EXERCISE DATA:
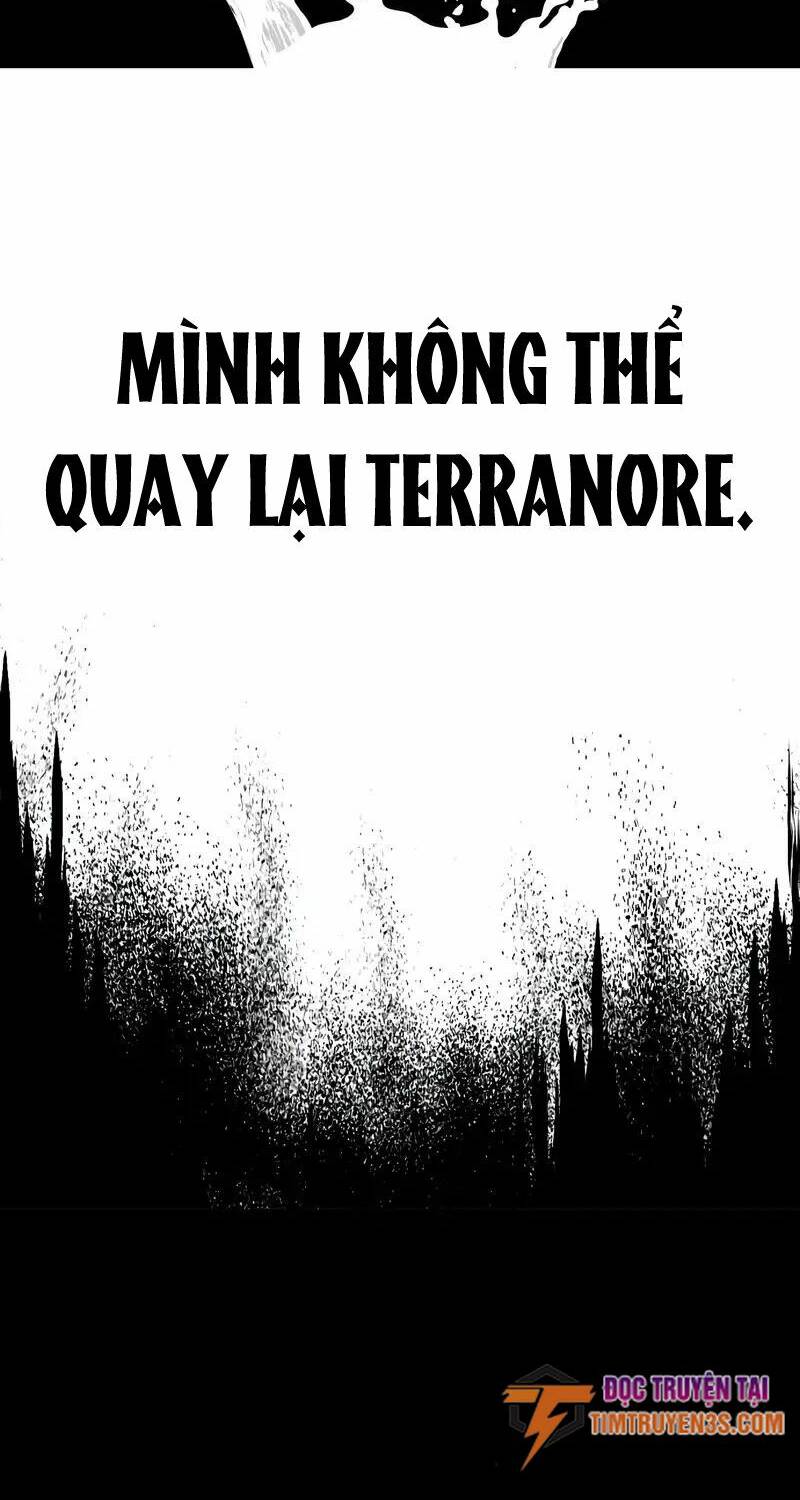 Lần Nữa Chuyển Sinh Sang Thế Giới Khác: Chapter 22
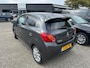 Mitsubishi Space Star 1.2 Intense+ | 80pk | Lichtmetalen Velgen | Climate Control |
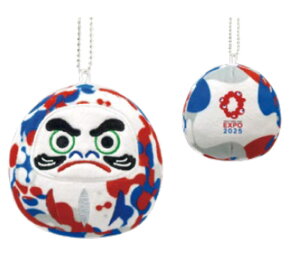 EXPO2025�@����܃}�X�R�b�g�L�[�z���_�[WORLD�@�֐������@�G�L�X�|�@���@�L�[�z���_�[�@�L�[�����O�@�`���[���@���@�ʂ�����݁@�l�`�@�h�[���@�G�݁@�O�b�Y�@���킢��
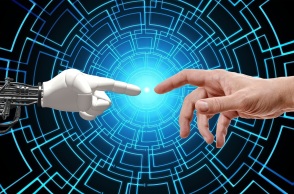 ΗΠΑ: Ο Λευκός Οίκος προσκαλεί τους τεχνολογικούς κολοσσούς για να συζητήσουν για την Τεχνητή Νοημοσύνη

WORK TO COMPLETE:
Retype the listing exactly. Skip every picture.

SOLUTION:
 Lần Nữa Chuyển Sinh Sang Thế Giới Khác: Chapter 22
 Mitsubishi Space Star 1.2 Intense+ | 80pk | Lichtmetalen Velgen | Climate Control |
 EXPO2025�@����܃}�X�R�b�g�L�[�z���_�[WORLD�@�֐������@�G�L�X�|�@���@�L�[�z���_�[�@�L�[�����O�@�`���[���@���@�ʂ�����݁@�l�`�@�h�[���@�G�݁@�O�b�Y�@���킢��
 ΗΠΑ: Ο Λευκός Οίκος προσκαλεί τους τεχνολογικούς κολοσσούς για να συζητήσουν για την Τεχνητή Νοημοσύνη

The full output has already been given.